ASSIGNMENT
Go to the line with "Welcome back guys." in the records below, then output it and each following line exactly, up to and including the line with "Hi guys, so". Skip pictures and add nothing.
== Segment start ==
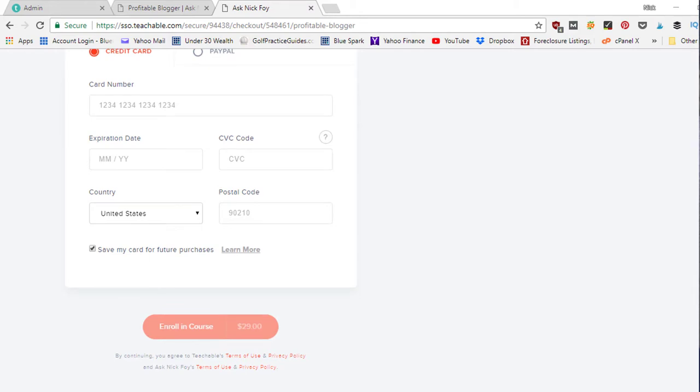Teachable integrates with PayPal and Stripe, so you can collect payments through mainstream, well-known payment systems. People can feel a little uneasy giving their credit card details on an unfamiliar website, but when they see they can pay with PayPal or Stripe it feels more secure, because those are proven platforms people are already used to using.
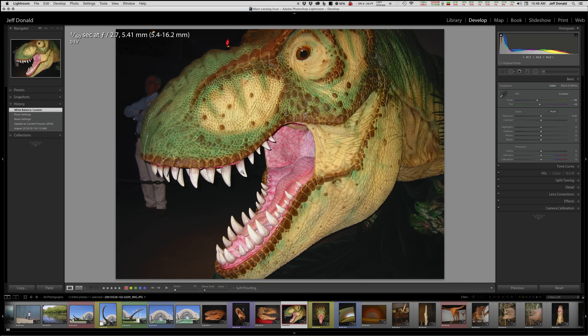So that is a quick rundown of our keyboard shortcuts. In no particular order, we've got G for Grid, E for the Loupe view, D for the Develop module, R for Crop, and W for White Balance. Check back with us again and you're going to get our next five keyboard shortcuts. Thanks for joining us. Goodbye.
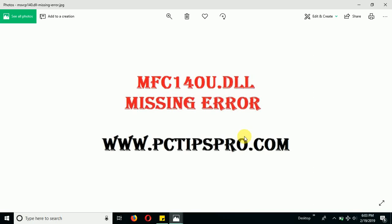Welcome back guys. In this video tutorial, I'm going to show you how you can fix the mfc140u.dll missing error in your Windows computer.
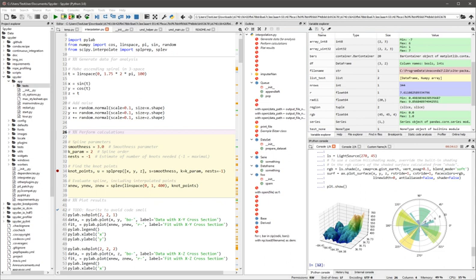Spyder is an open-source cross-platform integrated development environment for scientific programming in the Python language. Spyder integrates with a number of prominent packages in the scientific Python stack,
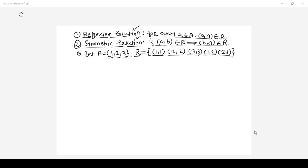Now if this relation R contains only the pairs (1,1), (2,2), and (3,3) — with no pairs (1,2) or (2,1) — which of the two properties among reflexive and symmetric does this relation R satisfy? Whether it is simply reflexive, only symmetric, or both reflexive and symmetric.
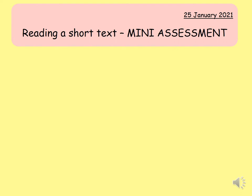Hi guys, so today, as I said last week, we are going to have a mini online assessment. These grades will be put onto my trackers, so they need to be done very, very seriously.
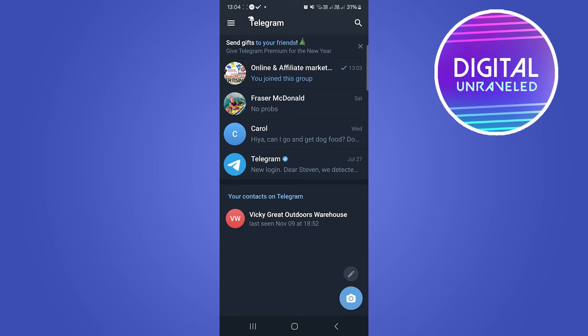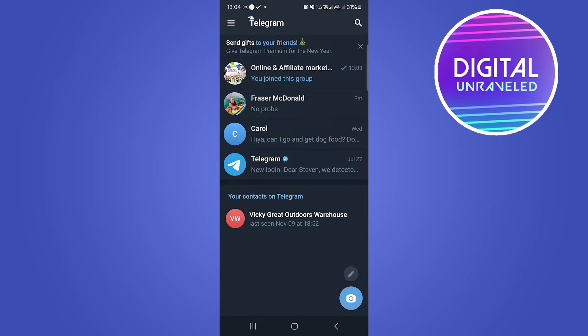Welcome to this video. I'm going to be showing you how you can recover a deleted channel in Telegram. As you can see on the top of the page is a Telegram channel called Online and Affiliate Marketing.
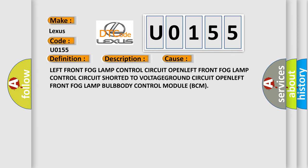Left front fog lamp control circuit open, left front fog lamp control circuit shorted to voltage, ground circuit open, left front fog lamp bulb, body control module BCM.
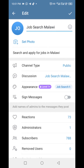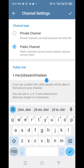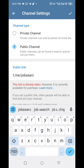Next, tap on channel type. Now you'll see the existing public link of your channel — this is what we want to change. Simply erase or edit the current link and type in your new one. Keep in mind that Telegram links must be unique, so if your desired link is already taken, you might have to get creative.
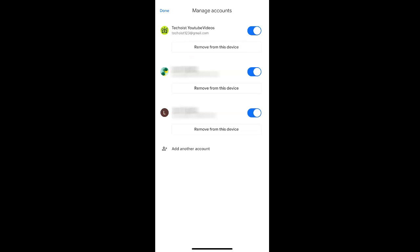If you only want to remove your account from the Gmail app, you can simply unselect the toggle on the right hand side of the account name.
== Segment end ==
RESPONSE
Welcome back guys. In this video tutorial, I'm going to show you how you can fix the mfc140u.dll missing error in your Windows computer.
Spyder is an open-source cross-platform integrated development environment for scientific programming in the Python language. Spyder integrates with a number of prominent packages in the scientific Python stack,
Now if this relation R contains only the pairs (1,1), (2,2), and (3,3) — with no pairs (1,2) or (2,1) — which of the two properties among reflexive and symmetric does this relation R satisfy? Whether it is simply reflexive, only symmetric, or both reflexive and symmetric.
Hi guys, so today, as I said last week, we are going to have a mini online assessment. These grades will be put onto my trackers, so they need to be done very, very seriously.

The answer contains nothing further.